[What is expected]
Nothing but the lines from the one containing "Property on Henrietta Street, NG6 9JB" through the one containing "建物外観　都市ガス使用　１坪浴室　桜木エリア", both included, should be given again, each exactly as written below.

[Given information]
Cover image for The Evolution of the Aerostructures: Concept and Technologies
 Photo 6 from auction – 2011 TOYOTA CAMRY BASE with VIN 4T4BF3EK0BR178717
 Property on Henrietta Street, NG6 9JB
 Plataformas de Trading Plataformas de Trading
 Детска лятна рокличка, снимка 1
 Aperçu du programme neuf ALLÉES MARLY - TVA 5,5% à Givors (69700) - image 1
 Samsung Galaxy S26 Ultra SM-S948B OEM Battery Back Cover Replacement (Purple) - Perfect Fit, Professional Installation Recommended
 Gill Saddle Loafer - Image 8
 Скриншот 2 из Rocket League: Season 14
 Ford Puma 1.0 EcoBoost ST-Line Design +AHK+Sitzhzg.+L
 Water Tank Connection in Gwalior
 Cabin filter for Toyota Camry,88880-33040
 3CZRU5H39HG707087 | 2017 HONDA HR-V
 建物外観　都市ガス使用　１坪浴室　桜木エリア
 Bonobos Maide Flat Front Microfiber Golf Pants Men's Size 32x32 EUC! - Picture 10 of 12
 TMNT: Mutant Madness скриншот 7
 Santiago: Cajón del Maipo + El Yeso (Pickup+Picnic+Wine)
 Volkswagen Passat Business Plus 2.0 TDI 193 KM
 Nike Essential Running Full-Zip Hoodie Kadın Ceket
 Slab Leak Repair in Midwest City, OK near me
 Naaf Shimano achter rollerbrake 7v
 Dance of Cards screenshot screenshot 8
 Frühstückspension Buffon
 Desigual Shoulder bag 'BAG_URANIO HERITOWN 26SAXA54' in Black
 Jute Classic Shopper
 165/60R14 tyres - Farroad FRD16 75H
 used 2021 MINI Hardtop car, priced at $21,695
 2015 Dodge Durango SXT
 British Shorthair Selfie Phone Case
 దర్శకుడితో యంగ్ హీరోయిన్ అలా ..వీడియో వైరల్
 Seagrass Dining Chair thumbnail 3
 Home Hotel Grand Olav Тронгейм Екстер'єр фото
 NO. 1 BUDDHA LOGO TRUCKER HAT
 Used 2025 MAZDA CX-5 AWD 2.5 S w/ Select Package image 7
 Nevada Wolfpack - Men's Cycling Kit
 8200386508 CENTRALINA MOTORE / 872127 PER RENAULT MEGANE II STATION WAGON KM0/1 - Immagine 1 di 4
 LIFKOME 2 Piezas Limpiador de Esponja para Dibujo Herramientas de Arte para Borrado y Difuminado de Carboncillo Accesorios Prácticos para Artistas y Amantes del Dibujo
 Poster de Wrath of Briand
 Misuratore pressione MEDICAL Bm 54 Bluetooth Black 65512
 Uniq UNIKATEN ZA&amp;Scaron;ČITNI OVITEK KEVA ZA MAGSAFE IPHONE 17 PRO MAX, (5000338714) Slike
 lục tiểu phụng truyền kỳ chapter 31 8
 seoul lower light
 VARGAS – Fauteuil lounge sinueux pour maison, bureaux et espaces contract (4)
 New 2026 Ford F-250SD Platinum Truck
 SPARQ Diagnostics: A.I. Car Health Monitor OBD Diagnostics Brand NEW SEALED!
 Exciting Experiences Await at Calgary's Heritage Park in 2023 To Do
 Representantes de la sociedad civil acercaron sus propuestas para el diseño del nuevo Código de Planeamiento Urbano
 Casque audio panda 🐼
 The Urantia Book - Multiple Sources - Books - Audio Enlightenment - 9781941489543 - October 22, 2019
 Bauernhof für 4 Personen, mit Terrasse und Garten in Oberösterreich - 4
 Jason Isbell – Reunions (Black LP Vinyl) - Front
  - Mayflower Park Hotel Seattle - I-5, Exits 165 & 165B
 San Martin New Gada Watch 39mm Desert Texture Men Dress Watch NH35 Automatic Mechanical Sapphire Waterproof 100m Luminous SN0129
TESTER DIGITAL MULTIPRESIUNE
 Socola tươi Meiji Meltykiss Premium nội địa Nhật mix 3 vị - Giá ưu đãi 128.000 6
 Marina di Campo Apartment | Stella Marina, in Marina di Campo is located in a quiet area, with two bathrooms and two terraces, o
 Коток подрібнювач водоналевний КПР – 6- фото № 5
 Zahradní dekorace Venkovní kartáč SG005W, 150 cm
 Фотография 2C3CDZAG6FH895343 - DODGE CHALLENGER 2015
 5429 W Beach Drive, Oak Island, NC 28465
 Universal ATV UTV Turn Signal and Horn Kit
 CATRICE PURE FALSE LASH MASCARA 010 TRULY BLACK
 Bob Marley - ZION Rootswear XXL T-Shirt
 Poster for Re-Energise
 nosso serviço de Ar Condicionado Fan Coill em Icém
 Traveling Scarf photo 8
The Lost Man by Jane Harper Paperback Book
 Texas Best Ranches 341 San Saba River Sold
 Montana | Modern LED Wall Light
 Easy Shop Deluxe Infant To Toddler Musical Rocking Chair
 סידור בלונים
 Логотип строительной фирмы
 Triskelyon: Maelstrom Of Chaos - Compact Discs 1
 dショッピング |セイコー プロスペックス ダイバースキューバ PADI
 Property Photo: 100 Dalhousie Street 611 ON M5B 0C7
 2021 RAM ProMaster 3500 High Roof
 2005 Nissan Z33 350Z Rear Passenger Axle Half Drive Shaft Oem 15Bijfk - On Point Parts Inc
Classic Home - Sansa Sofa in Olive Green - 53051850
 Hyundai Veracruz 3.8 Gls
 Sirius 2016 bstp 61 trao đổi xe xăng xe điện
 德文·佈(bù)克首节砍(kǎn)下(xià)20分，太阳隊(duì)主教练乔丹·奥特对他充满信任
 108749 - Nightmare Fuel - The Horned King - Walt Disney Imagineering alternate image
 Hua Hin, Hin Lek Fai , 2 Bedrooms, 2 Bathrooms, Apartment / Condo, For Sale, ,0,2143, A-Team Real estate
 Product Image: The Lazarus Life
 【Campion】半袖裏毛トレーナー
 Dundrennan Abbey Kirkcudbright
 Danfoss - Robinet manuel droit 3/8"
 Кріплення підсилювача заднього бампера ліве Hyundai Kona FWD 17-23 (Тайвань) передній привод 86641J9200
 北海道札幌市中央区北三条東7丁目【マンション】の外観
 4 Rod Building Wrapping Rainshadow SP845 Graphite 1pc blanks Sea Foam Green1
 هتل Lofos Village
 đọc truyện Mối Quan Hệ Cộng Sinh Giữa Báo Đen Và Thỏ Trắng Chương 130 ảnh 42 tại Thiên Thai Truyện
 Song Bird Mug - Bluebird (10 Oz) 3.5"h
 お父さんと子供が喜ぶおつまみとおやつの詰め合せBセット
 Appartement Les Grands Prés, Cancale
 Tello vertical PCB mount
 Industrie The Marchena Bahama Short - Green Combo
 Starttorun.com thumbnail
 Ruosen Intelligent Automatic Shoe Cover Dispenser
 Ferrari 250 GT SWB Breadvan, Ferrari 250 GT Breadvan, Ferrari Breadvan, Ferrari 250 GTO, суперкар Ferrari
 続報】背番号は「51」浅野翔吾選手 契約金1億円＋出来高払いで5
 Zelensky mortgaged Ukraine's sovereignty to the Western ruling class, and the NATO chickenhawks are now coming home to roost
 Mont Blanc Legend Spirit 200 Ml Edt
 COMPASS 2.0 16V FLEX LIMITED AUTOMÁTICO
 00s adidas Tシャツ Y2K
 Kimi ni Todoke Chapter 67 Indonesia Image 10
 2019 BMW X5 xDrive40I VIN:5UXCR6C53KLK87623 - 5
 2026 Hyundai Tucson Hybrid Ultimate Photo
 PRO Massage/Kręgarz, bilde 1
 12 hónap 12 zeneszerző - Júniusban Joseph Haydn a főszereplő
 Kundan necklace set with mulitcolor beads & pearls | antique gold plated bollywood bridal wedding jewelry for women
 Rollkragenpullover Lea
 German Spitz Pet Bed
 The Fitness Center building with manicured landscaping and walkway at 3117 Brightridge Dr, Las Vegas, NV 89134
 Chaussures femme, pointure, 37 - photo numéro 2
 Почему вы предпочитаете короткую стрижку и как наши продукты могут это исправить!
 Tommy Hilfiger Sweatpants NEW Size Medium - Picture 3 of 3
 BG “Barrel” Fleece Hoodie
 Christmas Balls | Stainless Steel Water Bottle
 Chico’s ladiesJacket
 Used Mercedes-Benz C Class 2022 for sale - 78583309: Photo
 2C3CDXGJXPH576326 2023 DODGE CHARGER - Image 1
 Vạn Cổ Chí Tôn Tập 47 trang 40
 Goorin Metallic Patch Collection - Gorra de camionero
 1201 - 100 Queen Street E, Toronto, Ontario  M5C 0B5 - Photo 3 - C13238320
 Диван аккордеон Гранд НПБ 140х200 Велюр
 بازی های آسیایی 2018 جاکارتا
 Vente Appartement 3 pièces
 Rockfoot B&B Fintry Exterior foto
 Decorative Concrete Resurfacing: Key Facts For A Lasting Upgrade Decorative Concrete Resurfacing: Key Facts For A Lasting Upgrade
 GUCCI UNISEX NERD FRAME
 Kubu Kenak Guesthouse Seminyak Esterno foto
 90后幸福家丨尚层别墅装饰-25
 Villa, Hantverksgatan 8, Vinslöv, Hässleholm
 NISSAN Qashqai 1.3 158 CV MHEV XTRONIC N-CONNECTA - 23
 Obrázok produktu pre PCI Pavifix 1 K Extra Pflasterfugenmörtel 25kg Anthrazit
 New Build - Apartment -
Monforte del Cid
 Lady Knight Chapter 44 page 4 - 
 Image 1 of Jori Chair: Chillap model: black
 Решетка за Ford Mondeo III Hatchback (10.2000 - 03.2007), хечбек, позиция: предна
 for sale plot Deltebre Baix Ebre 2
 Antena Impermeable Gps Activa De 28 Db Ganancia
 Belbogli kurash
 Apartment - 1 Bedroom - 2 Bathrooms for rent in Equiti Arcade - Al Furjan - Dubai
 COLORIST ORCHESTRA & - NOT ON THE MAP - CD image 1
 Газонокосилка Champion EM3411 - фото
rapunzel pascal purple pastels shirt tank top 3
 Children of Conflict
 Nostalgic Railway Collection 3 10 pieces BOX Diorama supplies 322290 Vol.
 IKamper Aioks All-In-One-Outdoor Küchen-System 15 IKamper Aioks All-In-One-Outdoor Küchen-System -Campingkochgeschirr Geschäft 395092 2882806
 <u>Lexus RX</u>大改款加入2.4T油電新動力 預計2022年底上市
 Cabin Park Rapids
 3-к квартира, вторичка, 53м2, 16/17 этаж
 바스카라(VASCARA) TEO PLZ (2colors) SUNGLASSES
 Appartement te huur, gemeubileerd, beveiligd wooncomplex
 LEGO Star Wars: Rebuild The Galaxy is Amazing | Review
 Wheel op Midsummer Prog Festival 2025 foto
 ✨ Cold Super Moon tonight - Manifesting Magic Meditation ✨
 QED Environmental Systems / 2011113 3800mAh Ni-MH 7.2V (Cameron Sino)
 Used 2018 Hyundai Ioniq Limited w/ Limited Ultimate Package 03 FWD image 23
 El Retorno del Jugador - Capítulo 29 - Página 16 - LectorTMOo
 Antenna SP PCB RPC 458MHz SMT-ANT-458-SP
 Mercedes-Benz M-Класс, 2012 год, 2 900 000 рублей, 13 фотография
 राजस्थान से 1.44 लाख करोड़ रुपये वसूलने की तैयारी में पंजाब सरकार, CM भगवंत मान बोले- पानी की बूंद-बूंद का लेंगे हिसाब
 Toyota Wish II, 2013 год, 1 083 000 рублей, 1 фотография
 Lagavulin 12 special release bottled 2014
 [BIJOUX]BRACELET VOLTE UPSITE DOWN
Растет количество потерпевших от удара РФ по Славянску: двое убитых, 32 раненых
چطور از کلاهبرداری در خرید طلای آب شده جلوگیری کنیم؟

[Exercise output]
 Property on Henrietta Street, NG6 9JB
 Plataformas de Trading Plataformas de Trading
 Детска лятна рокличка, снимка 1
 Aperçu du programme neuf ALLÉES MARLY - TVA 5,5% à Givors (69700) - image 1
 Samsung Galaxy S26 Ultra SM-S948B OEM Battery Back Cover Replacement (Purple) - Perfect Fit, Professional Installation Recommended
 Gill Saddle Loafer - Image 8
 Скриншот 2 из Rocket League: Season 14
 Ford Puma 1.0 EcoBoost ST-Line Design +AHK+Sitzhzg.+L
 Water Tank Connection in Gwalior
 Cabin filter for Toyota Camry,88880-33040
 3CZRU5H39HG707087 | 2017 HONDA HR-V
 建物外観　都市ガス使用　１坪浴室　桜木エリア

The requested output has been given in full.